> **ACTIVITY**: With the pictures left out, write out exactly the lines of the listing below that run from the line with "Aerial footage of mosque in China" through the line with "Cottelli Bondage - body".

> **GIVEN RECORDS**:
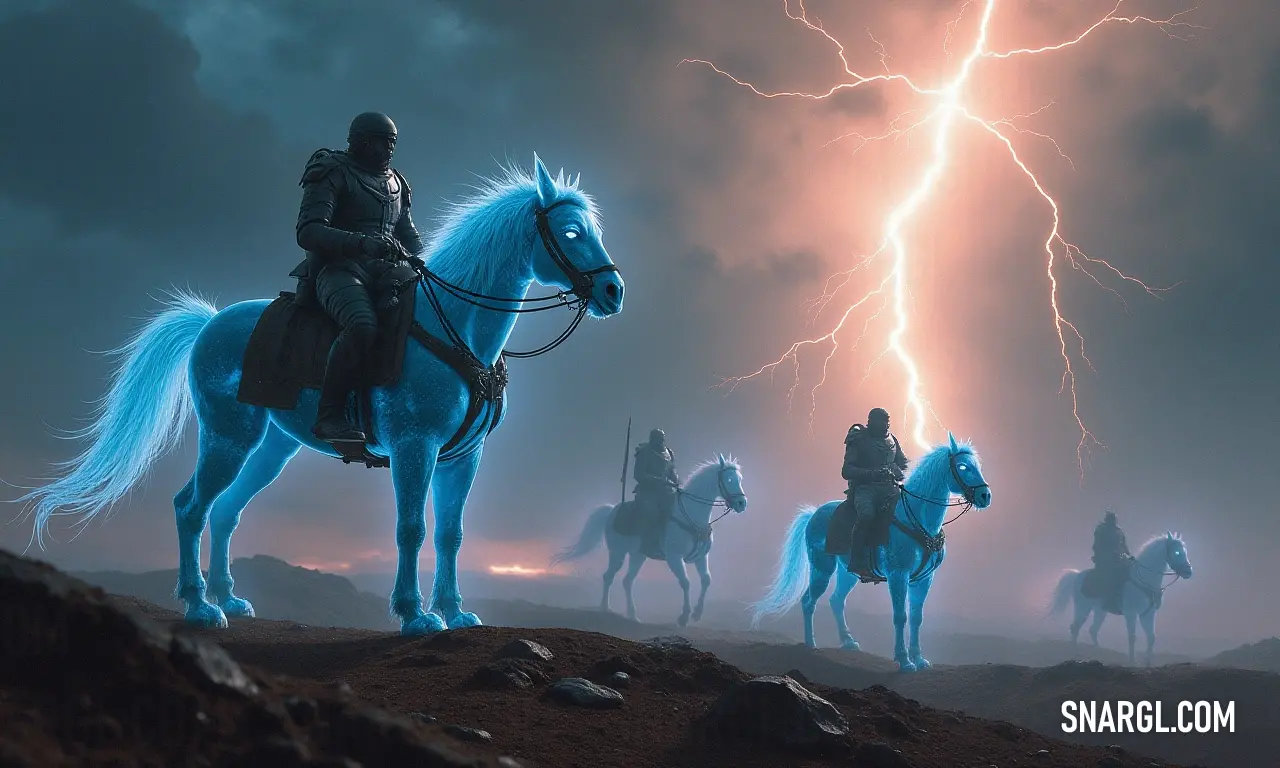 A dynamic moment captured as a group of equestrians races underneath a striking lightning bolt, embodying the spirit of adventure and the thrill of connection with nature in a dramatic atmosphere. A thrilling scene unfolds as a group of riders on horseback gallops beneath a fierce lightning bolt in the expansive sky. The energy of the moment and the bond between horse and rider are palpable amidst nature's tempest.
--
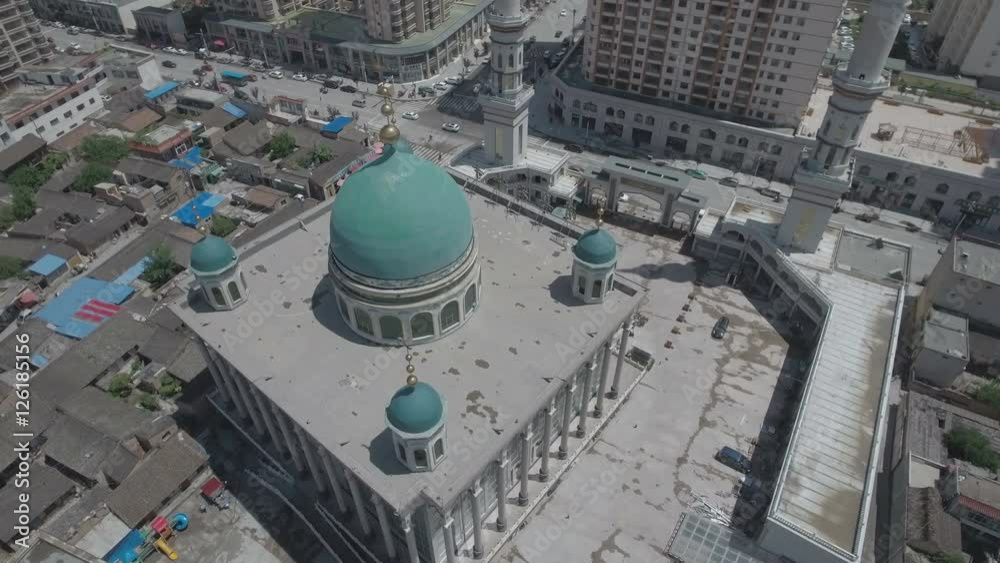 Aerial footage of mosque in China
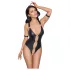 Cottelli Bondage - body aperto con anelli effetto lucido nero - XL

> **SOLUTION TO THE PROBLEM**:
 Aerial footage of mosque in China
 Cottelli Bondage - body aperto con anelli effetto lucido nero - XL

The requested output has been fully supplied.